Apply the deployment:
```
kubectl apply -f tf-serving.yaml
```

Step 2: Auto-Scaling ML Tasks

Enable Kubernetes auto-scaling:

kubectl autoscale deployment tf-serving --cpu-percent=50 --min=2 --max=10

“Kubernetes ensures my ML workloads scale effortlessly!” Bob said.

Part 6: Monitoring and Optimizing ML Performance

Step 1: Monitoring GPU and CPU Usage

Install Prometheus and Grafana:
```
sudo dnf install -y prometheus grafana
```
Configure Prometheus to monitor GPU metrics.

Step 2: Tuning Hyperparameters

Use grid search for automated hyperparameter tuning:

from sklearn.model_selection import GridSearchCV
from sklearn.ensemble import RandomForestClassifier

params = {'n_estimators': [10, 50, 100], 'max_depth': [None, 10, 20]}
clf = GridSearchCV(RandomForestClassifier(), params, cv=5)
clf.fit(X_train, y_train)

“Monitoring and tuning ensure I get the best performance from my ML setup!” Bob noted.
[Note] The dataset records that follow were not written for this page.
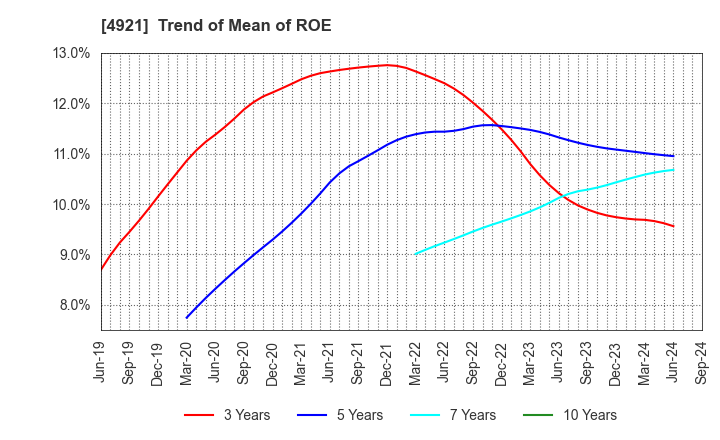 4921 FANCL CORPORATION: Trend of Mean of ROE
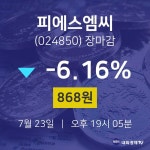[인기주 종목정보] 7월 23일 피에스엠씨 868원으로 장 마감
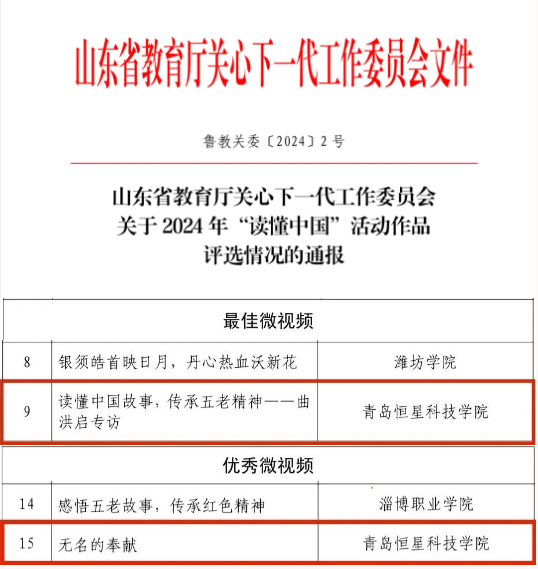 赓续“五老精神”，影像纂刻荣光——青岛恒星科技学院在2024年山东省教育厅“读懂中国”活动中斩获佳绩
Conclusion: Bob Reflects on Scaled ML Mastery

Bob successfully scaled machine learning workloads on AlmaLinux, leveraging distributed training, Kubernetes, and advanced data management tools. With powerful monitoring and optimization strategies, he was ready to handle even the most demanding ML applications.